Paweł Mocek: Bena Simmonsa. Sixers postawią po prostu na najlepszego zawodnika w drafcie i będzie nim prawdopodobnie Simmons. Philly przyda się kolejny ball-handler, który będzie potrafił rozegrać piłkę z high-post, a także wchodzić pod kosz i kończyć lub odrzucać na obwód… tylko do kogo. O to Bryan Colangelo będzie już musiał zadbać w trakcie wolnej agentury lub w kolejnych wyborach w drafcie 2016.
Dominik Kędzierawski: Upierałem (upieram dalej) się przy Ingramie, ale szczerze, obaj są świetnym wyborem dla Sixers, obaj oferując ciekawe koncepty budowy projektu Phila.
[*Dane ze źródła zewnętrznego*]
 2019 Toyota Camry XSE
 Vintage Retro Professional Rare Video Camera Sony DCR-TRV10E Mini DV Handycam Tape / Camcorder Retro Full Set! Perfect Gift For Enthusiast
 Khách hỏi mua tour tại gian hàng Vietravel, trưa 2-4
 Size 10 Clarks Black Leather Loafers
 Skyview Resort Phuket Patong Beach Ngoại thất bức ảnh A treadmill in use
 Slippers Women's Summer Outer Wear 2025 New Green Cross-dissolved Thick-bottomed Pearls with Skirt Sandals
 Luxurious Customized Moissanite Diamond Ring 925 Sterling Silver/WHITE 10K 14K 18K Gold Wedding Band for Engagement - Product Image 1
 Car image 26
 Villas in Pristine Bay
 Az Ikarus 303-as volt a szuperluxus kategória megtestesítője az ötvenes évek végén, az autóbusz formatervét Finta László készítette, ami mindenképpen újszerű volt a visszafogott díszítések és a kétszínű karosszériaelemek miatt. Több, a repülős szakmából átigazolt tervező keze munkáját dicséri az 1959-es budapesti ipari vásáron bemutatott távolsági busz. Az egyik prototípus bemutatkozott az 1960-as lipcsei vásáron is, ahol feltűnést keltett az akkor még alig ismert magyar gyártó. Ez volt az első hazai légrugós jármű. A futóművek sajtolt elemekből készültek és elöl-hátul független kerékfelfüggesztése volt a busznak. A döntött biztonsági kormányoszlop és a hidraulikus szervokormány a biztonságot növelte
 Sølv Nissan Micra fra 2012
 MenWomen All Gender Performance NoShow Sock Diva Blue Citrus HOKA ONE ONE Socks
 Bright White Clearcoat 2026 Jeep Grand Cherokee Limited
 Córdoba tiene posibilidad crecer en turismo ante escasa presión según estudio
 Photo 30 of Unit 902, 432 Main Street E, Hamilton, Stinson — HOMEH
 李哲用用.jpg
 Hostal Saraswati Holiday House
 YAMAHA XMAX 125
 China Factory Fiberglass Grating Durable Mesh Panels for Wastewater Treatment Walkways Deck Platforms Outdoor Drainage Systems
Pozwolę sobie rozpisać dlaczego.
Biorą Simmonsa – zakładając iż w Philly mają trochę oleju w głowie, Australijczyk będzie pełnił rolę Giannisa z końcówki sezonu – czyli PG. Łatają rozegranie i odhaczają kolejną pozycję jako gotową, jednocześnie otrzymując ogromną przewagę na obwodzie. W przyszłym sezonie po raz ostatni są na dnie i wybierają na SG/SF kogoś z duetu Josh Jackson/Jayson Tatum.
Biorą Ingrama – łatają SG/SF, gdziekolwiek go nie planują wstawić. Dostają „Duranta biednych”, w postaci ogarniętego chłopaka. W przyszłym roku łatają PG kimkolwiek z duetu Fox/Monk.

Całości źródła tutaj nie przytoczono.